Deve però esserci rivalsa, uno slancio, uno scatto che fa pensare alle persone di rivolgersi a comunità che aiutino a superare la dipendenza. Qual è la scintilla che fa scattare questo meccanismo, che fa comprendere che è arrivato effettivamente il bisogno di chiedere aiuto?
“Dipende. Io credo che in molti casi sia fondamentale la spinta dall’esterno. Perché solo dall’interno non è sempre sufficiente ad avere la forza di cambiare. Certe volte le persone cambiano perché sono costrette a farlo. Ad esempio, molte mamme smettono di drogarsi e ci riescono perché se non lo fanno, perdono i loro figli.
Alcuni se non entrano in comunità e hanno commesso qualche reato, devono scontare un periodo in carcere, quindi cercano di evitare. Oppure vedo altri smettono perché non ne possono più di vedere i propri genitori star male, soffrire.
Ci deve essere sempre qualcosa per cui vale la pena smettere. Anche il non riuscire più a pagare una dose, può essere una forzatura per provare ad uscirne. Il semplice desiderio, comunque, spesso non si rivela sufficiente.
Come evitare il fenomeno di crescita di consumo di droghe da parte dei giovani?
In un quadro che sembra essere oggi per lo più drammatico, ci deve essere una strada per riuscire a scorgere un po’ di luce e, soprattutto, per arginare un fenomeno così in crescita:
“Io credo nella prevenzione. Ci sono studi che dimostrano come, nelle nazioni in cui si è fatta un’attività di prevenzione efficace, l’uso di droghe sia molto diminuito, molto più basso.

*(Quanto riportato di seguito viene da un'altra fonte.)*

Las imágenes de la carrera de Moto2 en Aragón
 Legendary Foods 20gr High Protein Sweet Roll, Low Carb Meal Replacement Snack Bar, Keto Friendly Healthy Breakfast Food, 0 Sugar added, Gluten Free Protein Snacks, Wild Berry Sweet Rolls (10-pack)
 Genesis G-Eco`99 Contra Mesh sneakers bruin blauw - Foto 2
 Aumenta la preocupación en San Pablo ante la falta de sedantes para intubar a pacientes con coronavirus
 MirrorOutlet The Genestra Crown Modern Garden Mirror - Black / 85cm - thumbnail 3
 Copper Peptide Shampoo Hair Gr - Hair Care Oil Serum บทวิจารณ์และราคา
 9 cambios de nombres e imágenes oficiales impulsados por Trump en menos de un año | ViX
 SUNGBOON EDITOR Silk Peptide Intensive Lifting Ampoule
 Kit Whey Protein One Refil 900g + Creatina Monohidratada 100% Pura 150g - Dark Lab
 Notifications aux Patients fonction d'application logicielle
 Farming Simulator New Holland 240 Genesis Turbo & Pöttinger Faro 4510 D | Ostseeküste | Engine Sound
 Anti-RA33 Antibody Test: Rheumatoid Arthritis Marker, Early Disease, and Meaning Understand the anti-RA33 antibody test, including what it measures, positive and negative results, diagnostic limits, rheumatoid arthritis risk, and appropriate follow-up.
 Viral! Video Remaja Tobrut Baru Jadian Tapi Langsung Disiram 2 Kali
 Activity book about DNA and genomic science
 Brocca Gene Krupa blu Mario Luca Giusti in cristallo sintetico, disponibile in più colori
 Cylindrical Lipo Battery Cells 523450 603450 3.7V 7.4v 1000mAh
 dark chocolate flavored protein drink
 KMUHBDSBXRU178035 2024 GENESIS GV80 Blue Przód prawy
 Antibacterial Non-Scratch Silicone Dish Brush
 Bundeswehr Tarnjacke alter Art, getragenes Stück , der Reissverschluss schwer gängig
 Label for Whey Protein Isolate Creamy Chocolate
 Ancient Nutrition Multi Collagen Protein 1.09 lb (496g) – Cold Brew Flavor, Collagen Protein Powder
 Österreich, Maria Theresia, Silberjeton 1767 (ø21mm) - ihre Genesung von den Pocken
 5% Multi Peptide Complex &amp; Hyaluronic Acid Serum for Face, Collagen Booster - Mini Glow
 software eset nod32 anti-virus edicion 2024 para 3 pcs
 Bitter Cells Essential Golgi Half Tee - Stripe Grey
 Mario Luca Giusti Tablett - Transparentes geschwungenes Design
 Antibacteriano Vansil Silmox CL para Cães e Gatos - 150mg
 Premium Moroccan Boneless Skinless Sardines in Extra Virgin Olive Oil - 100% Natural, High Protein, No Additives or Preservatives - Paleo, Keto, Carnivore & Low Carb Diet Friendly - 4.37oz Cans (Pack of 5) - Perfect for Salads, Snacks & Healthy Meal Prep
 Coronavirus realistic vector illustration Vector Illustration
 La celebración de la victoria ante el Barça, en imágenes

Ma la prevenzione non è soltanto la conoscenza degli effetti collaterali delle droghe. Non significa solo dire “non usare questa sostanza perché ti può fare male”.
Uno così potrebbe pensare: “Vabbè, ma allora questa droga fa meno male di quell’altra, quindi questa la posso usare e quell’altra no.”
Bisognerebbe far capire ai giovani quanto sia bello, piacevole e gratificante affrontare la realtà senza inganni e senza scorciatoie. Perseguire uno stile di vita sano. E’ importante che un adolescente capisca quanto è bello sviluppare la capacità di poter affrontare i problemi senza soccombere ad essi, senza alterazioni di alcun tipo: la droga, l’alcol. O una semplice sigaretta.
In genere, ed è un dato di fatto, chi non ha mai fumato una sigaretta, difficilmente passa subito alla cannabis.